[cabfpub] IPR Exclusion notices

Ryan Sleevi sleevi at google.com
Tue May 3 16:12:09 UTC 2016


On May 3, 2016 8:51 AM, "Dean Coclin" <Dean_Coclin at symantec.com> wrote:
>
> As discussed on last week’s call, there appears to have been some
ambiguity in the instructions to organizations that wanted to provide an
exclusion notice in accordance with the latest IPR policy. The ballot
stated that this had to be done within 60 days in accordance with the
policy but the policy said that notice had to be provided to the CA/B Forum
chair and not to the public list or anywhere else as we’ve done in the
past. For example, it was mentioned that one company posted their exclusion
notice to the wiki but did not notify the Chair. Is this acceptable?
Another organization notified the chair by the deadline (the chair did not
post it until after the deadline). And we never sent a formal reminder out
prior to the deadline.
>
>
> For these reasons, I would propose that we extend the deadline another 30
days with clear instructions that the notice should be posted to the public
list. Is anyone willing to endorse such a proposal? We can collaboratively
work on the language to insure clarity.
>

Dean,

As expressed on the call, Google does not believe our bylaws support such
an action. Further, we think it problematic if it were possible for the
Chair, particularly one who represents one of the two organisations
affected, could unilaterally change our bylaws or our IPR policy, which
this proposal effectively does. Our bylaws serve as the bulwark against the
concerns of antitrust, and I would hope that would encourage behaviour that
is beyond reproach. To that end, we think it would undermine the
protections and assurances that the IPR policy is meant to provide, and, if
your procedure was accepted, it would be as if there was no IPR policy at
all, as organizations could not rely on the protections without the risk of
the chair changing them.

For the record, after review with our Legal and Standards teams, our
position is that neither disclosure adhered to the procedure set forward by
the ballot, and as such, do not represent valid disclosures according to
our policy. The ramifications of that, we do not have a position on.
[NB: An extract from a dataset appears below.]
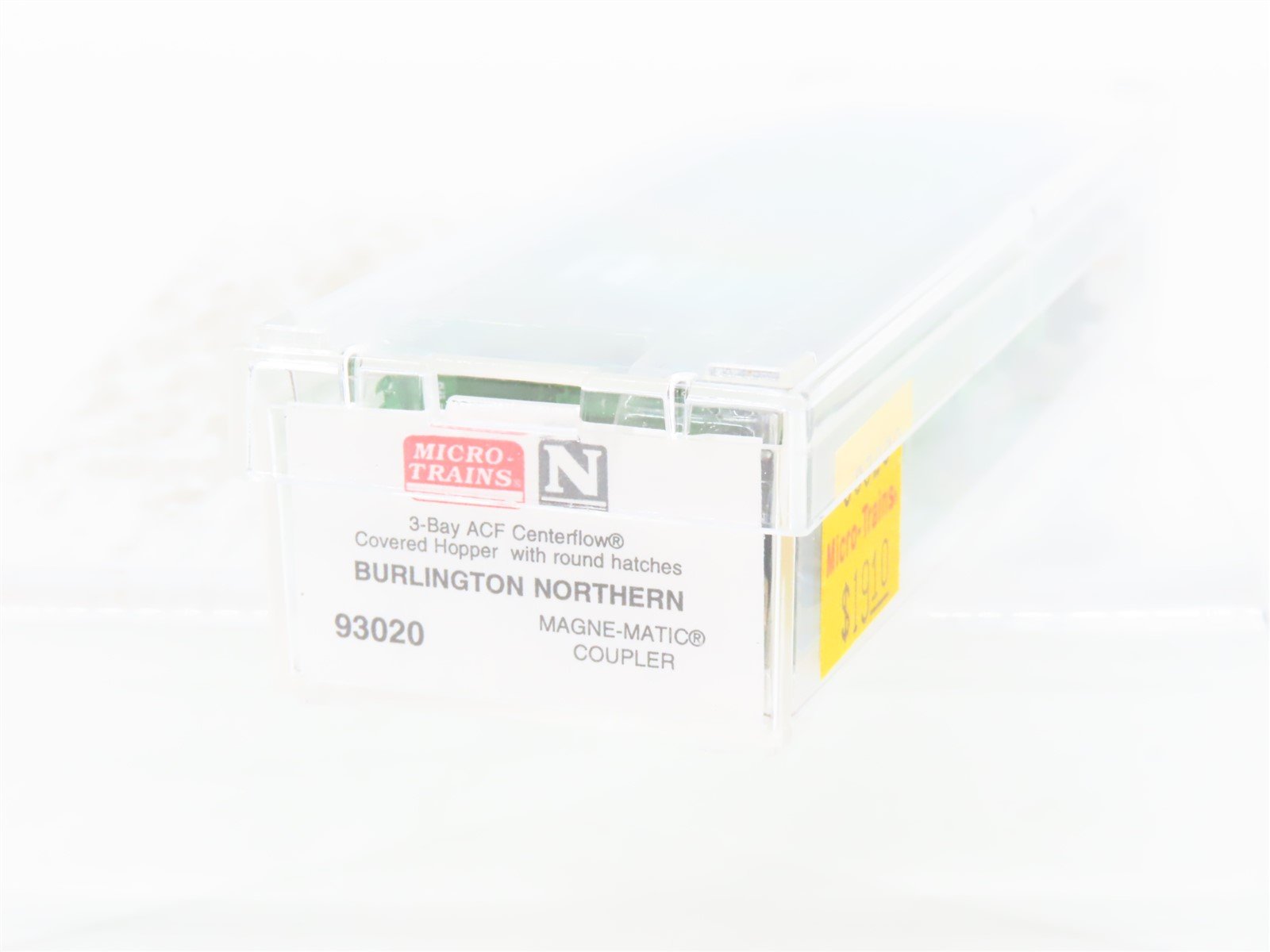 N Micro-Trains MTL 93020 BN Burlington Northern ACF 3-Bay Covered Hopper #459385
If it is possible - by chair fiat or by ballot - for items to be introduced
to the BRs, for members to hold IPR necessary for the implementation, for
it to be licensed as Royalty Free per our IPR, and then, once widely
adopted by industry, for the member or a set of members to propose or
approve a ballot that allows such IPR to be excluded, then that represents
the essence of a submarine patent, and is one of the many situations that
our IPR policy is designed to protect against.

Further, if it were possible for the Chair to hold IPR containing Essential
Claims, and not disclose it, for members to build solutions based upon it,
and then claim that through virtue of the chair's specific knowledge it was
disclosed, then it does not seem that the Chair would be acting in the
interests of the Forum, and has a necessary conflict of interest that may
be regarded as anti-competitive.

At question here are the principles upon which this Forum operates, the
legal assurances our IPR policy is meant to afford, and the defenses
against claims of anti-competitive behavior. However unfortunate the
situation, how we deal with this must be beyond reproach and consistent
with the standard of behavior for which this Forum has adopted.